Task to carry out =
Copy nothing but the lines below, from the one with "SoftShell Reflective Yellow" through the one with "Dryer balls and homemade detergent.", exactly as written; no pictures should appear.

Record extracts =
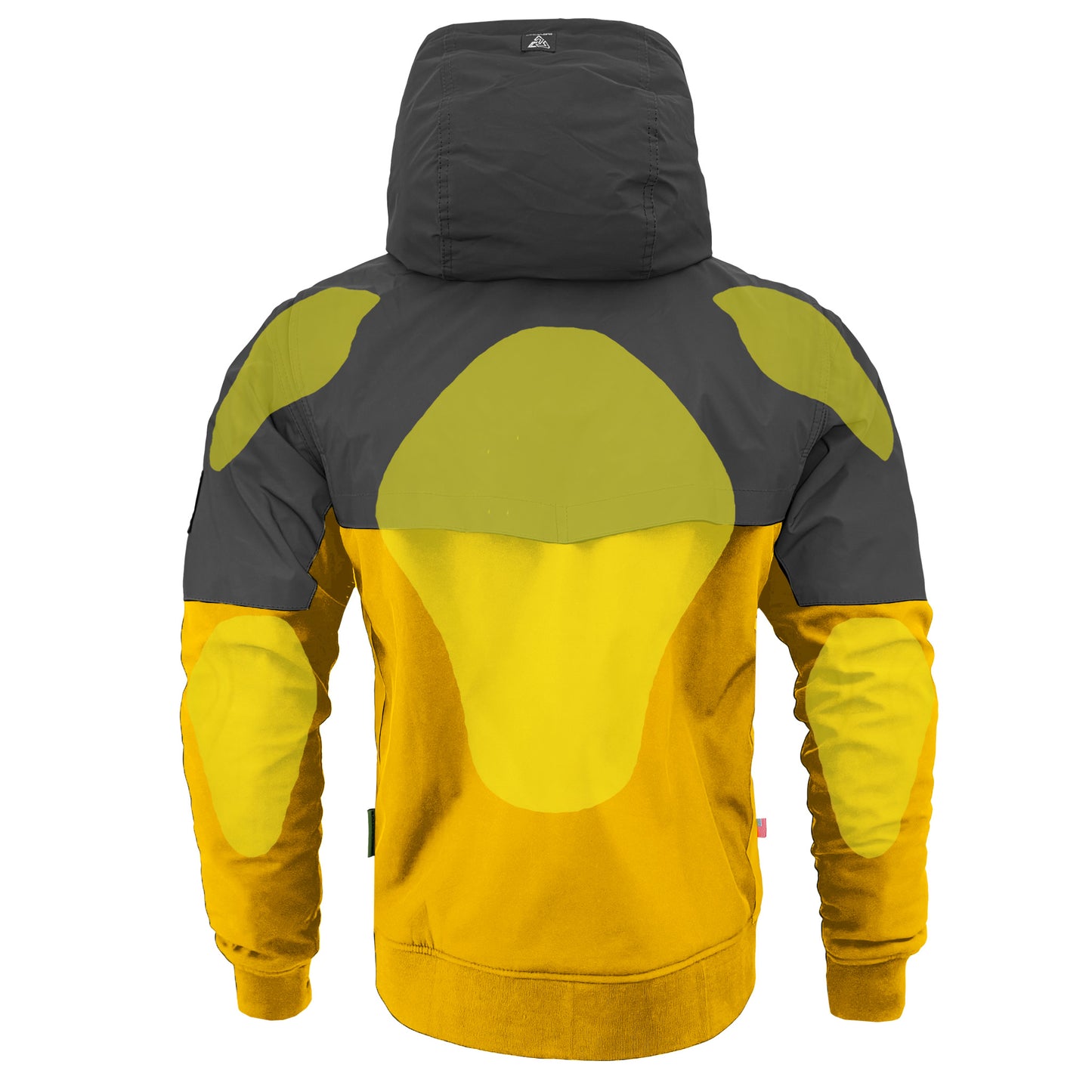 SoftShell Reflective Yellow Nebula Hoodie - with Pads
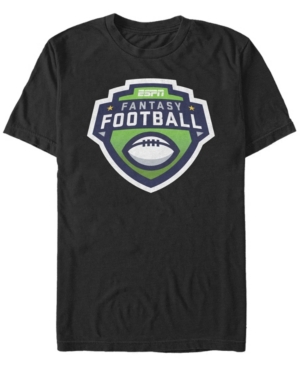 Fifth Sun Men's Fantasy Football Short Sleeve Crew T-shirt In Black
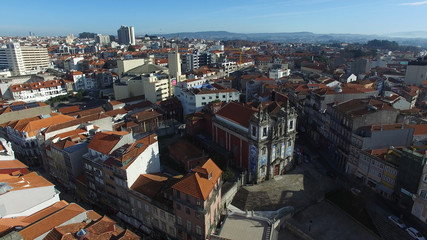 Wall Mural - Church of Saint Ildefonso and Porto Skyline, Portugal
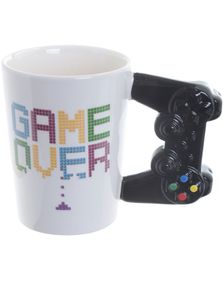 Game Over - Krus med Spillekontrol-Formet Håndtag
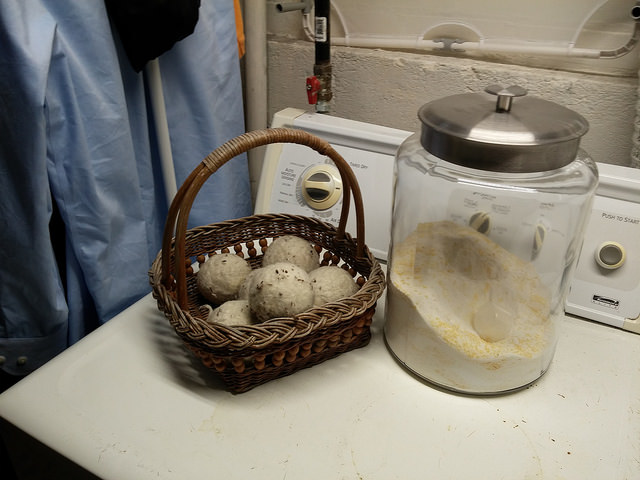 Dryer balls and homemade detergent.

---

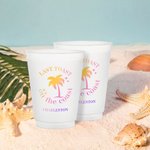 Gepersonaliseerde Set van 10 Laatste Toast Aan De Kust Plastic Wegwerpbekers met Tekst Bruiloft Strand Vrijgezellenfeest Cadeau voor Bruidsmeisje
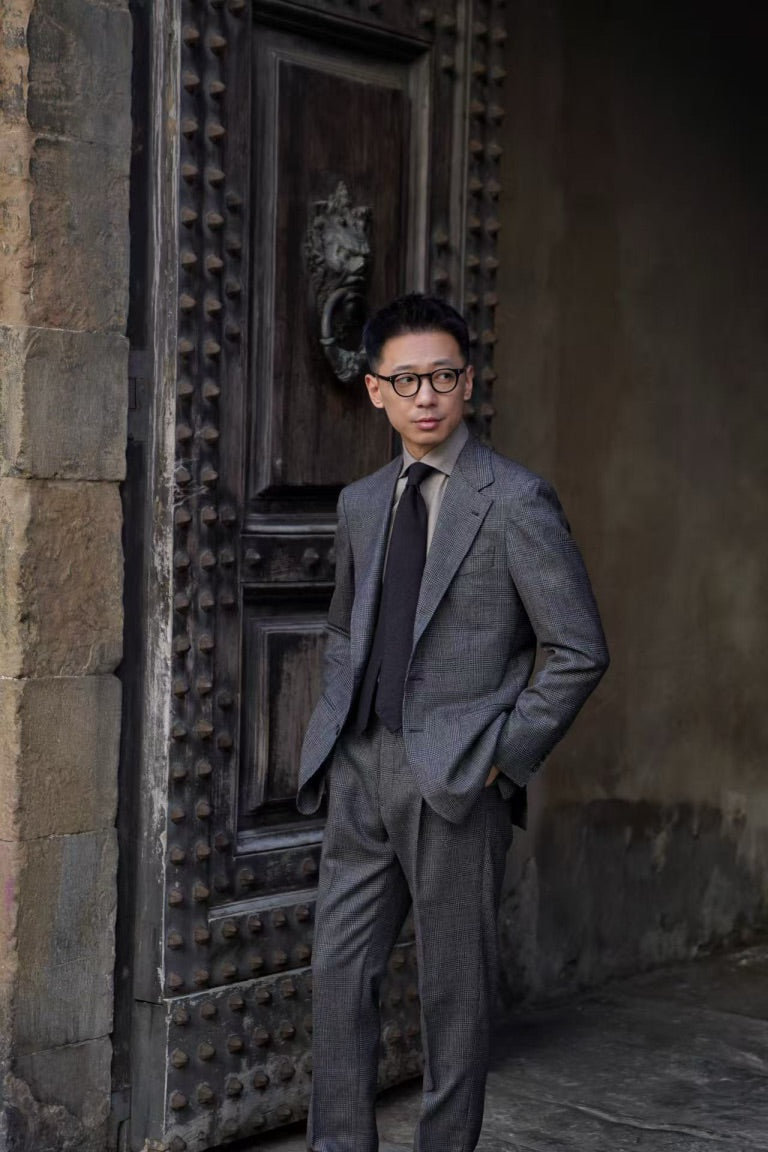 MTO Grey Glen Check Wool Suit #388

...

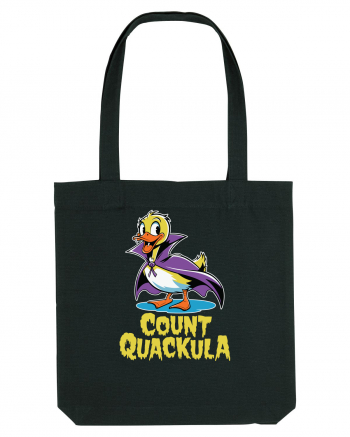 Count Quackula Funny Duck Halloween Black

Solution to this problem =
 SoftShell Reflective Yellow Nebula Hoodie - with Pads
 Fifth Sun Men's Fantasy Football Short Sleeve Crew T-shirt In Black
 Wall Mural - Church of Saint Ildefonso and Porto Skyline, Portugal
 Game Over - Krus med Spillekontrol-Formet Håndtag
 Dryer balls and homemade detergent.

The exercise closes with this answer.